After looking around, I found the CountVectorizer class that does almost what I want. All I have to do is to provide a tokenizer that takes a string and turns it into a list of tokens. For this particular problem, it's easy to implement:
import re REGEX = re.compile(r",\s*") def tokenize(text): return [tok.strip().lower() for tok in REGEX.split(text)]
A quick test shows that it seems to work:
>>> tokenize("foo Bar, baz") ['foo bar', 'baz']

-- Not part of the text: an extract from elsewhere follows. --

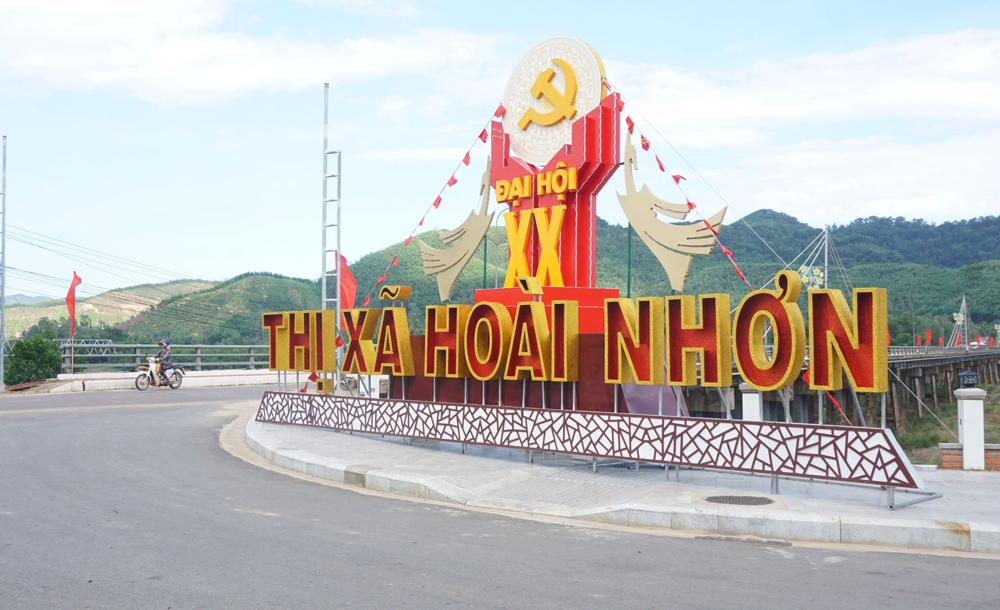 binh dinh cong bo nghi quyet ve viec thanh lap thi xa hoai nhon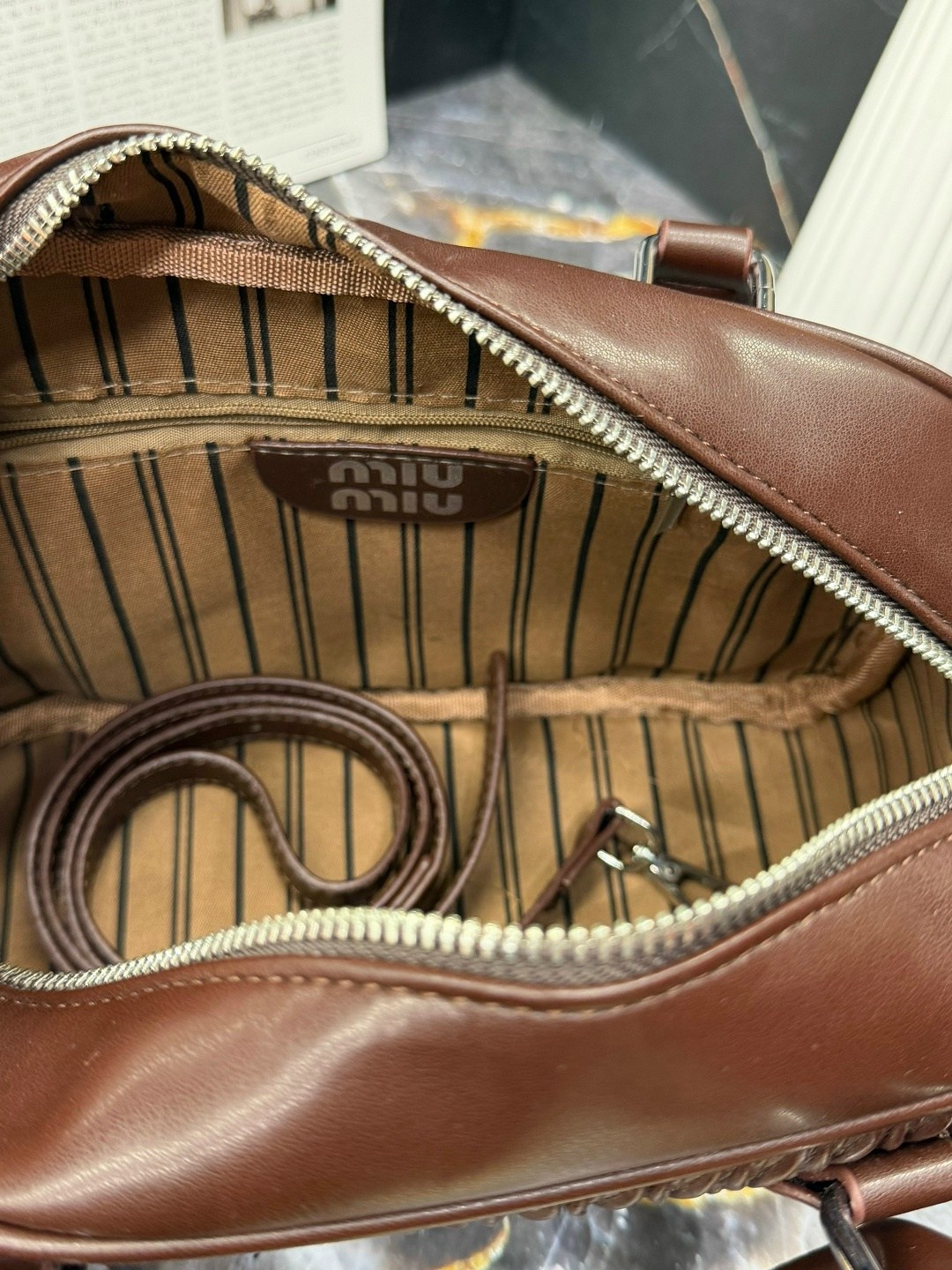 сумка,сумка miu miu,сумки миу миу,miu miu сумка на плечо,модная сумка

Now let's plug it into CountVectorizer and run it:
>>> from sklearn.feature_extraction.text import CountVectorizer >>> vec = CountVectorizer(tokenizer=tokenize) >>> data = vec.fit_transform(tags).toarray() >>> print data [[0 0 0 1 1 0] [0 1 0 0 1 1] [1 1 1 0 1 0]]
In some cases it's useful to restrict the number of features. CountVectorizer has a max_features constructor argument that limits the vocabulary to the top K features only. Also, note that the fit_transform() method returns a sparse matrix, but we're turning it into a numpy array because it's easier to work with.
So, the shape of the matrix looks right, but is it really correct? Let's dump the column headers to make sure:
>>> vocab = vec.get_feature_names() >>> vocab [u'distributed systems', u'linux', u'networking', u'python', u'tools', u'ubuntu']
My samples don't contain duplicate tags, but if they did, I could weed them out in tokenize() or by modest numpy magic:
>>> import numpy as np >>> np.clip(data, 0, 1, out=data)
This sets all array entries greater than 1 to 1 (and those smaller than 0 to 0). While we're at it, we can also calculate tag distributions by calculating column sums:
>>> dist = np.sum(data, axis=0) >>> print dist [1 2 1 1 3 1]
And finally join with the vocabulary to make it readable:
>>> for tag, count in zip(vocab, dist): ... print count, tag 1 distributed systems 2 linux 1 networking 1 python 3 tools 1 ubuntu
That's it. Turning tags from an RSS feed into features with very little code.